Thanasis Vergoulis; Ilias Kanellos; Claudio Atzori; Andrea Mannocci; Serafeim Chatzopoulos; Sandro La Bruzzo; Natalia Manola; Paolo Manghi

This dataset contains impact measures (metrics/indicators) for ~117Μ scientific articles. In particular, for each article we have calculated the following measures:

  • Citation count: The total number of citations, reflecting the "influence" (i.e., the total impact) of an article.

  • Incubation Citation Count (3-year CC): This is a time-restricted version of the citation count, where the time window length is fixed for all papers and the time window depends on the publication date of the paper, i.e., only citations 3 years after each paper’s publication are counted. This measure can be seen as an indicator of a paper's "impulse", i.e., its initial momentum directly after its publication.

  • PageRank score: This is a citation-based measure reflecting the "influence" (i.e., the total impact) of an article. It is based on the PageRank1 network analysis method. In the context of citation networks, PageRank estimates the importance of each article based on its centrality in the whole network.

  • RAM score: This is a citation-based measure reflecting the "popularity" (i.e., the current impact) of an article. It is based on the RAM2 method and is essentially a citation count where recent citations are considered as more important. This type of “time awareness” alleviates problems of methods like PageRank, which are biased against recently published articles (new articles need time to receive a “sufficient” number of citations).  Hence, RAMI is more suitable to capture the current “hype” of an article.

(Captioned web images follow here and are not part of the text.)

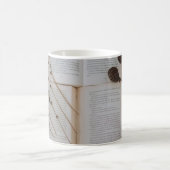 Gedroogde bloemen op boeken koffiemok (Center)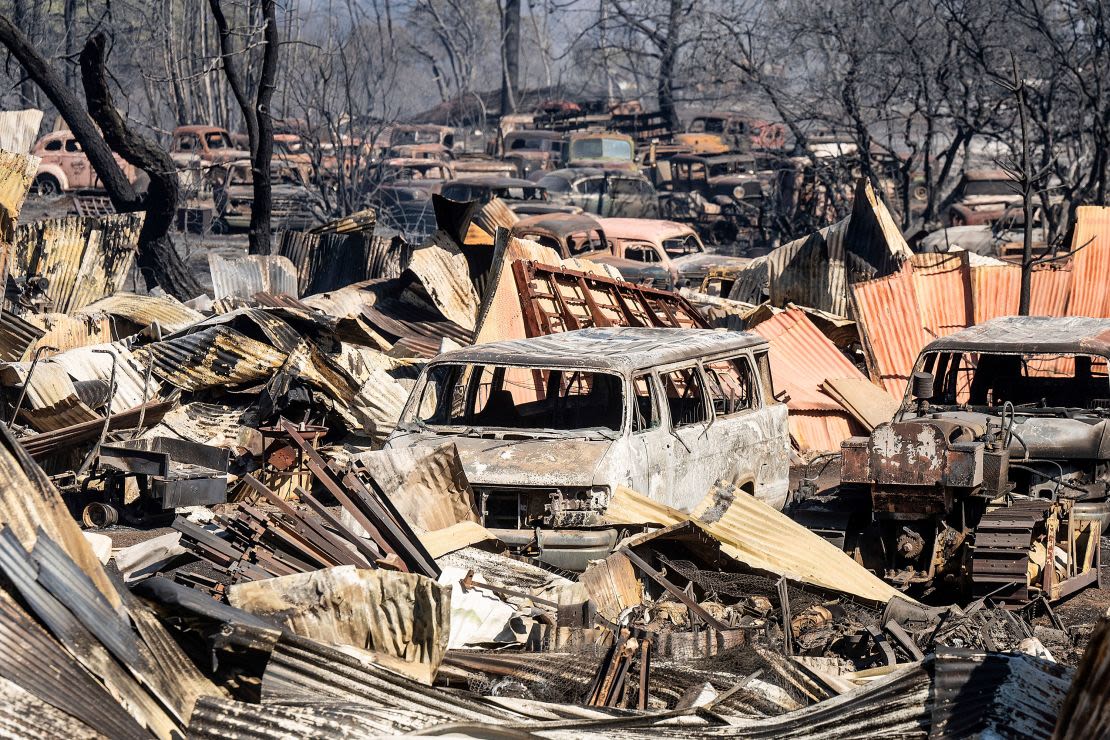 California town decimated by 2018 wildfires threatened again by state’s largest this year, as others burn Oregon and Canada | CNN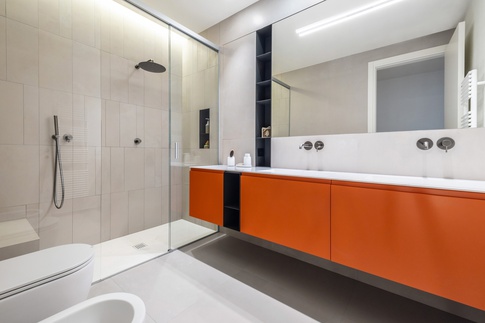Bagno in stile contemporaneo di 20 di Arredamenti Andalo Bagno in stile contemporaneo di 20 di Arredamenti Andalo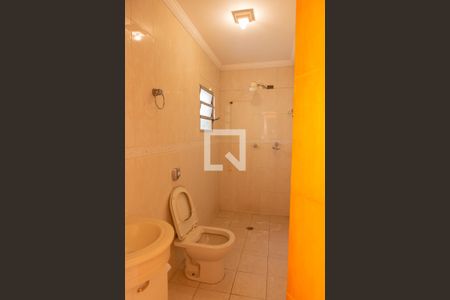 Casa à venda com 160m², 3 quartos e 2 vagasBanheiro Social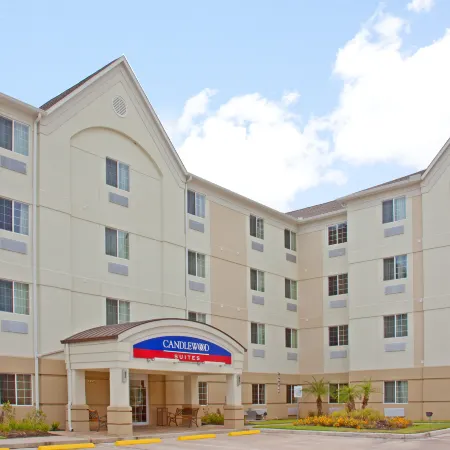Candlewood Suites HOUSTON MEDICAL CENTER by IHG Отели рядом с достопримечательностью «Стадион «NRG Астродом»»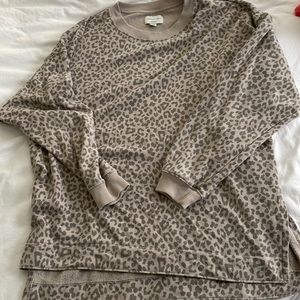American Eagle leopard print oversized sweatshirt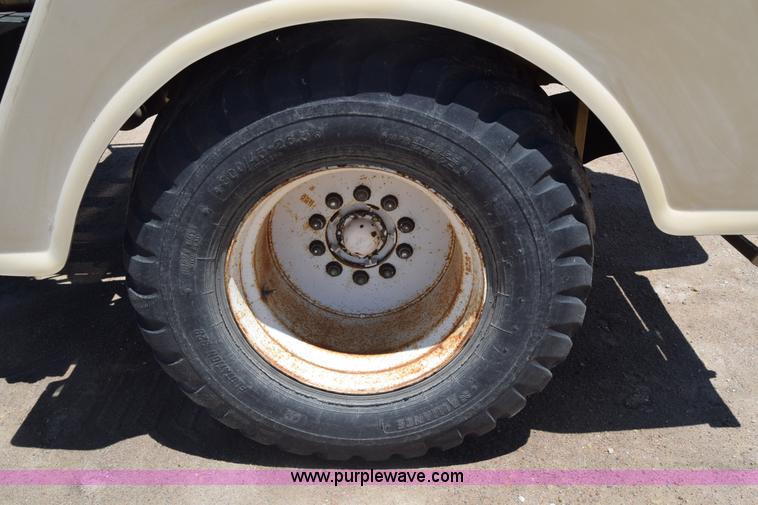 image for item K7312 1996 Tyler Titan 4375 self-propelled applicator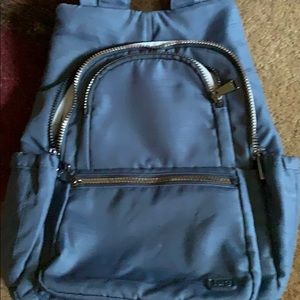 Lug infinity hatchback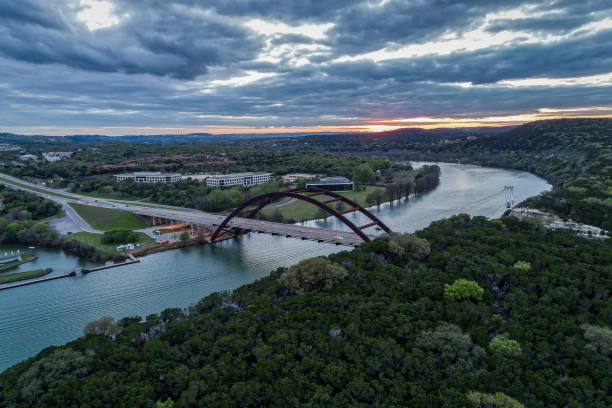 istock Pennybacker Bridge in Austin, Texas During Sunset 965199122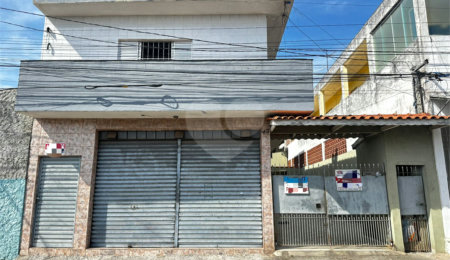 Casa à venda com 4 quartos em Jardim Casa Branca, Suzano, SP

  • AttRank score: This is a citation network analysis-based measure reflecting the "popularity" (i.e., the current impact) of an article. It is based on the AttRank3 method. AttRank alleviates PageRank’s bias against recently published papers by incorporating an attention-based mechanism, akin to a time-restricted version of preferential attachment, to explicitly capture a researcher’s preference to read papers which received a lot of attention recently. This is why it is more suitable to capture the current “hype” of an article.

We provide five compressed CSV files (one for each measure/score provided) where each line follows the format  “DOI <tab> score”. The parameter setting  of each measure is encoded in the corresponding filename. For more details on the different measures/scores see our extensive experimental study4 and the configuration of AttRank in the original paper.3 

The data used to produce the citation network on which we calculated the provided measures have been gathered from (a) the OpenCitations’ COCI dataset (Dec-2020 version), (b) a MAG5,6 snapshot from Nov-2020, and (c) a Crossref snapshot from Jan-2021. The union of all distinct DOI-to-DOI citations that could be found in these sources have been considered (entries without a DOI were omitted). 

References:

  1. R. Motwani L. Page, S. Brin and T. Winograd. 1999. The PageRank Citation Ranking: Bringing Order to the Web. Technical Report. Stanford InfoLab.

  2. Rumi Ghosh, Tsung-Ting Kuo, Chun-Nan Hsu, Shou-De Lin, and Kristina Lerman. 2011. Time-Aware Ranking in Dynamic Citation Networks. In Data Mining Workshops (ICDMW). 373–380

  3. I. Kanellos, T. Vergoulis, D. Sacharidis, T. Dalamagas, Y. Vassiliou: Ranking Papers by their Short-Term Scientific Impact. CoRR abs/2006.00951 (2020)

  4. I. Kanellos, T. Vergoulis, D. Sacharidis, T. Dalamagas, Y. Vassiliou: Impact-Based Ranking of Scientific Publications: A Survey and Experimental Evaluation. TKDE 2019 (early access)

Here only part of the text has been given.